Tuesday, June 7, 2016

Which one? #2

I've criticised the common weighted scoring method of evaluating proposals as a type of voodoo: a ceremony that appears to be attached to reality, but, in reality, is not. It is so unprotected against common cognitive biases and misaprehensions that it may as well be 'voodoo'.

What to do, then?

Rather than subjective scoring and thinking that this produces meaning, let alone numbers that are able to be manipulated mathematically, a system of ranking by measures of actual criteria achieved, then setting hurdles for a stage 1 evaluation against requirement domains is more likely to be accurate.

The Stage 1 evaluation grid looks like this:
 The 'hurdle' is the minimum rank that must be achieved to be satisfactory, or 'in consideration'. I've set that at least half the domains must jump the hurdle for the proposal to proceed to the next stage.

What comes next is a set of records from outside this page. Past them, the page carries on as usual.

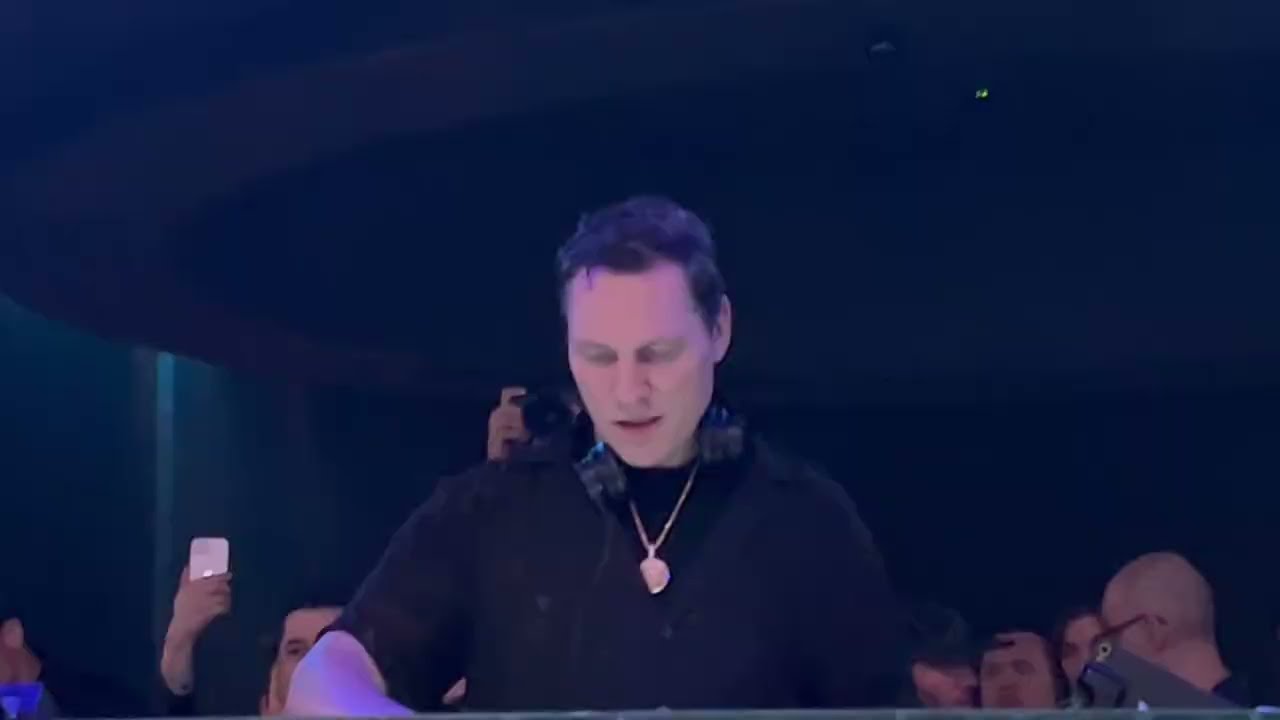 Dimitri Vegas & Like Mike & Tiësto & Dido & W&W - (Thank You) Not So Bad - (Tiesto - club.Liv live)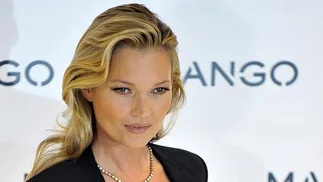 Kate Moss es bajada de un avión por 'mal comportamiento'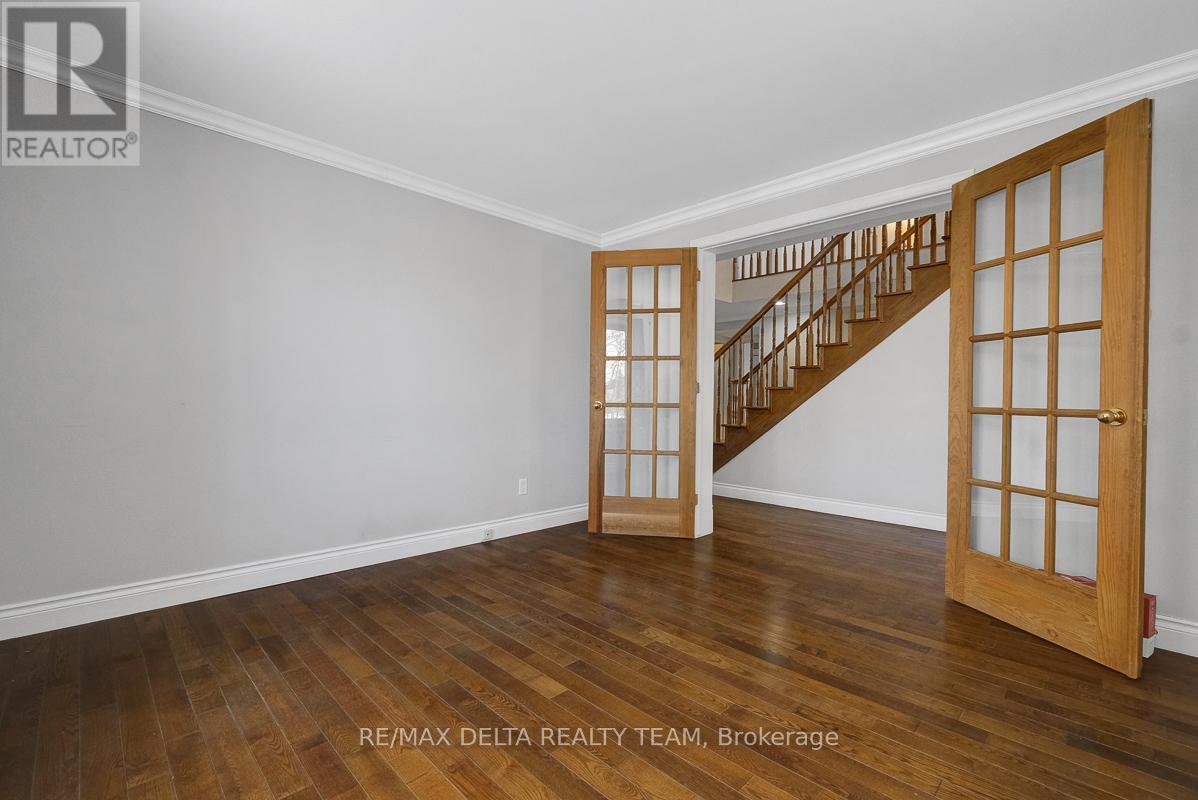 1662 Hunters Run Drive W, Ottawa, Ontario  K1C 2H3 - Photo 23 - X12842488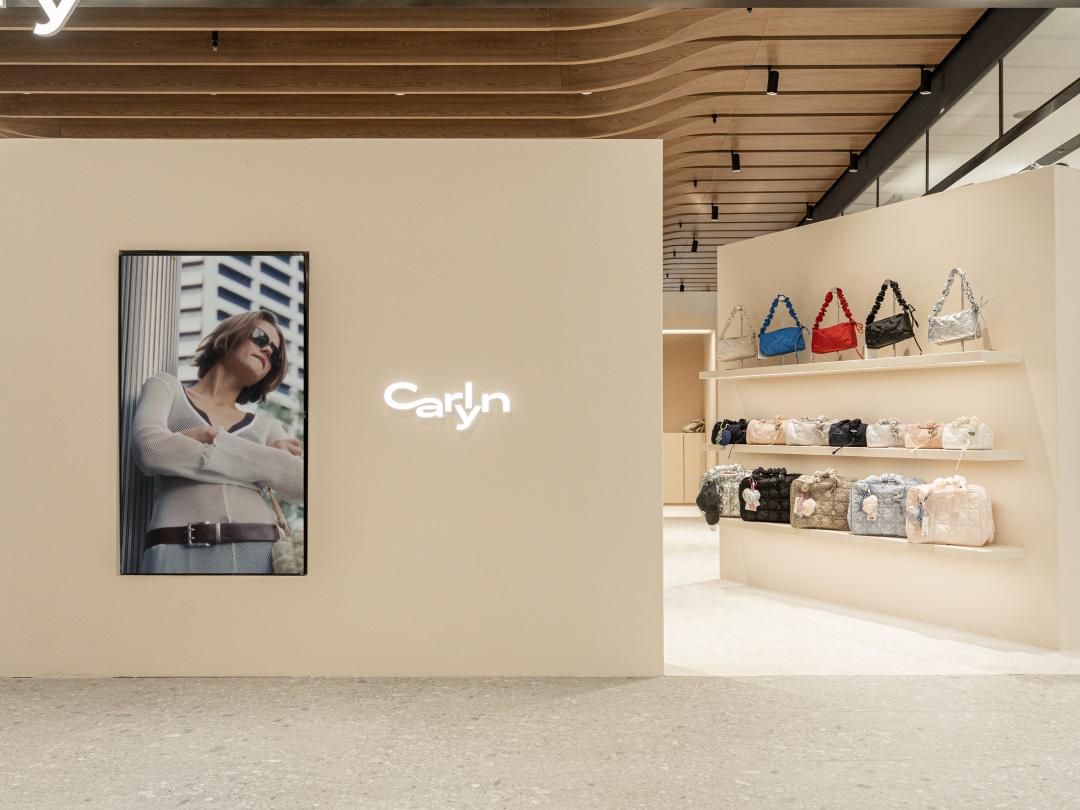 CARLYN台灣首間旗艦店將韓國本店風格移植台灣。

The ranks are achieved objectively; for instance, under 'compliance' the proposal might need to contain satisfactory information about: board overview, corporate governance systems, means of complying with WHS requirements, means of ensuring compliance with local government approval conditions, method of ensuring sound procurement of sub-contractors, how relevant board and executive committees are employed in respect of this project, how legal and procedural obligations under the contract are met: that's at total of 7 areas of interest (in reality there should be quite a few more specified). Count the satisfactory ones, and give a rating.

Proposal 'b' has a rating of 2: it meets less than 81% and more than 60% of requirements:  that is, 5 items are satisfactory. This is a binary choice, no 'grades'; an item is either in or out.

Stage 2

At stage 2 we get serious. It would be rare for any of the contenders to be over the hurdle in all domains, so we work with only those who meet the 'clearance count': the count of number of domains for further consideration. The degree of criticality of the domain for project success is reflected in the hurdle rating.

Further consideration should be a probabilistic evaluation of the value (expected value) that the owner would obtain from the proposal.

Let's say the proposal 'b' is set at $10m. In the domain of 'urgency' for example, we see that the contractor will deploy on site much later than expected, increasing the risk of an overrun by, say 10%. The owner will lose $10k per day. The effective loss is therefore $1k per day...and so on.

This approach will give calulated and examinable numbers related to value produced.

In 'soft' projects, a similar approach would apply, but the estimating environment and related calculations would need to be handled differently.